1. La presente legge detta disposizioni di prima attuazione del programma di razionalizzazione della spesa di cui alla legge regionale 22 marzo 2007, n. 8, e in particolare prevede:

    a) modifiche agli ordinamenti degli enti regionali per i quali è prevista la riduzione del numero dei componenti dei Consigli di amministrazione e dei Collegi dei revisori dei conti;

    b) la soppressione del Comitato regionale di controllo e delle sue Sezioni;

    c) la riduzione del numero dei componenti di alcuni organismi disciplinati da leggi regionali.



Art. 2

Modifiche alla legge regionale 9 gennaio 1995, n. 1

(Nuove norme per l'attuazione del diritto allo studio universitario)


1. Il comma 1 dell'articolo 22 della legge regionale 9 gennaio 1995, n. 1, è sostituito dal seguente: "1. Il Consiglio di amministrazione dell'E.S.U. è composto dal Presidente e da tre membri, di cui un rappresentante dell'Università, designato di concerto dalla componente docente e dalla componente studentesca, e due rappresentanti della Regione eletti dal Consiglio regionale. In caso di parità di voti la maggioranza è determinata dal voto del Presidente.".

2. Al comma 2 dell'articolo 22 della legge regionale n. 1/1995 sono soppresse le parole da "salvo" ad "Ateneo".

3. Al comma 4 dell'articolo 22 della legge regionale n. 1/1995 è soppresso il secondo periodo.

4. Il comma 1 dell'articolo 23 della legge regionale n. 1/1995 è sostituito dal seguente: "1. Il Presidente è nominato dal Presidente della Regione, su conforme delibera della Giunta regionale".


Art. 3

Modifiche alla legge regionale 23 novembre 2004, n. 27

(Istituzione dell'Agenzia regionale per lo sviluppo e l'innovazione dell'agricoltura nel Molise "Giacomo SEDATI" - ARSIAM)

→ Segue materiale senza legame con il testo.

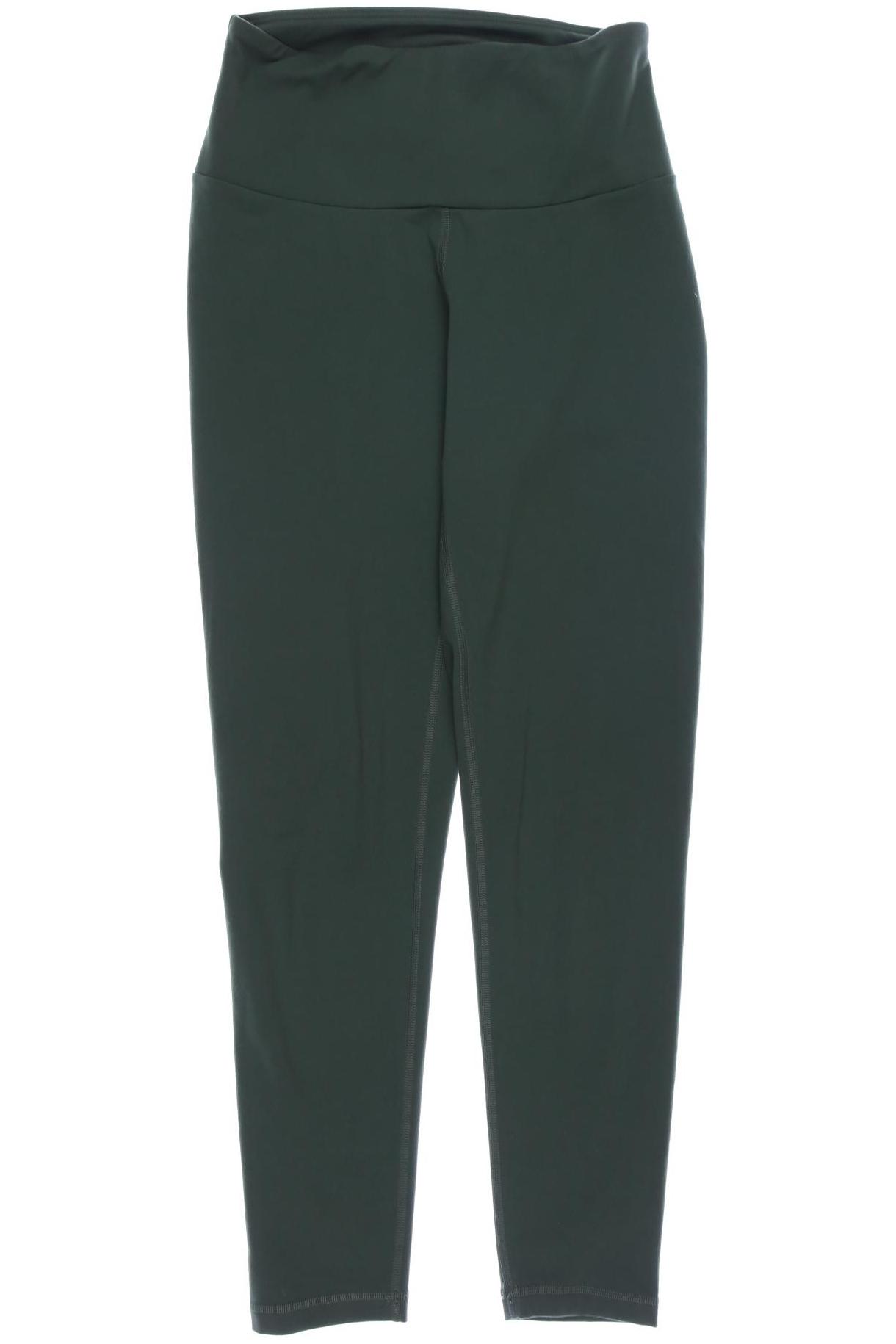 

Adidas Damen Stoffhose, grün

1. Il comma 1 dell'articolo 6 della legge regionale 23 novembre 2004, n. 27, è sostituito dal seguente: "1. Il Consiglio di amministrazione è composto da tre membri, eletti dal Consiglio regionale, e dal Presidente. Alle riunioni del Consiglio di amministrazione partecipa, senza diritto di voto, il direttore generale dell'ARSIAM. Un funzionario dell'ARSIAM svolge le mansioni di segretario.".

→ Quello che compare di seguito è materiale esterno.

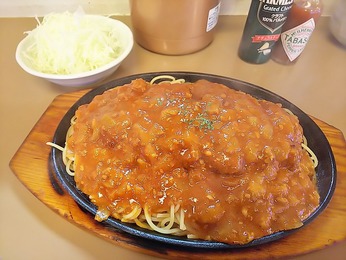 カツスパ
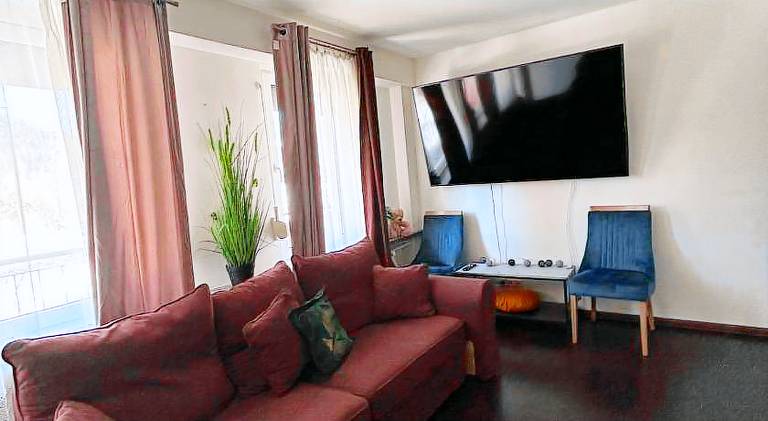 Wonderful apartment | Pets allowed in Krynica-Zdroj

2. Il comma 4 dell'articolo 6 della legge regionale n. 27/2004 è sostituito dal seguente: "4. Per la validità delle sedute del Consiglio di amministrazione è necessaria la presenza del Presidente e di almeno due componenti. In caso di parità di voti la maggioranza è determinata dal voto del Presidente.".

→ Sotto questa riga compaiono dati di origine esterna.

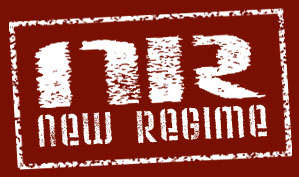 New Regime Logo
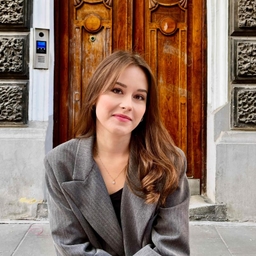 Zdjęcie mgr Martyna Gawrońska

3. Il comma 1 dell'articolo 8 della legge regionale n. 27/2004 è sostituito dal seguente: "1. Il Collegio dei revisori si compone di tre membri individuati tra soggetti iscritti all'albo dei revisori dei conti. Il Collegio è nominato con decreto del Presidente della Giunta regionale ed i suoi componenti sono eletti dal Consiglio regionale che individua il Presidente.".


Art. 4

Modifiche alla legge regionale 1 dicembre 1999, n. 37

(Istituzione dell'Azienda speciale regionale, denominata: "MOLISE ACQUE")


1. Il comma 1 dell'articolo 9 della legge regionale 1 dicembre 1999, n. 37, è sostituito dal seguente: "1. Il Consiglio di amministrazione è composto da tre membri eletti dal Consiglio regionale e dal Presidente.

1. In caso di parità di voti la maggioranza è determinata dal voto del Presidente".

2. Il comma 2 dell'articolo 9 della legge regionale 1 dicembre 1999, n. 37, è sostituito dal seguente: "2. Il Presidente è nominato con decreto del Presidente della Giunta regionale su conforme deliberazione della Giunta stessa".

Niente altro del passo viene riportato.